I realise a lot of you out there might be building a business to make a difference to society, to improve human life, and that is honourable. But I ask you, if your business does not turn a profit, does it continue to exist? Will you strive just as passionately if there wasn’t some sort of monetary windfall?
My passion is business. Today I asked myself, what if I took away the capitalist aspect, the money element…would I still be interested in business? It is a hard question to answer. Profits and revenue are so closely linked to business because they are the main evaluation tools. The fuel that flames business passion is often the resultant monetary success. Even in not-for-profits, the impact made is often measured in dollars, so it’s near impossible to remove this aspect from business.
I used to get depressed when I went down this anti-materialistic driven lifestyle thought process because I was stuck.

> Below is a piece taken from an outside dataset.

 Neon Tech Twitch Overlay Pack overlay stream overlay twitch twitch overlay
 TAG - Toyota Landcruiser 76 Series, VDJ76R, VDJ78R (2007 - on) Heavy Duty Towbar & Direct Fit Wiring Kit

I enjoyed business but because it was so closely tied in to materialistic goals I couldn’t make it work philosophically, I didn’t know what to do. Lately though I’ve realised more and more it’s not wrong to want run business and make money and I know that running business, or at least being creative AND making profit as a result, is acceptable, but your goals and aspirations must be passion based, not money based.
I run a successful business. It’s at the point now that I used to be so worried that I would never make it to. I’m financially independent. I am not “rich” by any traditional monetary valuations but I am making a living running my own business. As I was told recently, this is no little achievement, many people would love to be where I am now, making a living on their own terms. The thing is I could do a lot more to hopefully make a lot more and everything in today’s society is telling me to chase the more as hard as I can. Every article I read tells me how to “create more profits” and “improve results and make more money”. The battle for more seems to never end.
As a result of all these thoughts and reading Tuesdays with Morrie again I’ve re-adjusted my motivations. What’s important to me now is indulging in the aspects of business that I love, regardless of whether that is the path to maximise my return. Some may call me stupid for not actively chasing opportunities as hard as I could. I may look back and curse my choices because I did not end up being the next young millionaire. I have a feeling that first million dollars might end up making me want another million and then another, and I’m tired of chasing unfulfilling dreams. I’d prefer to be happy today.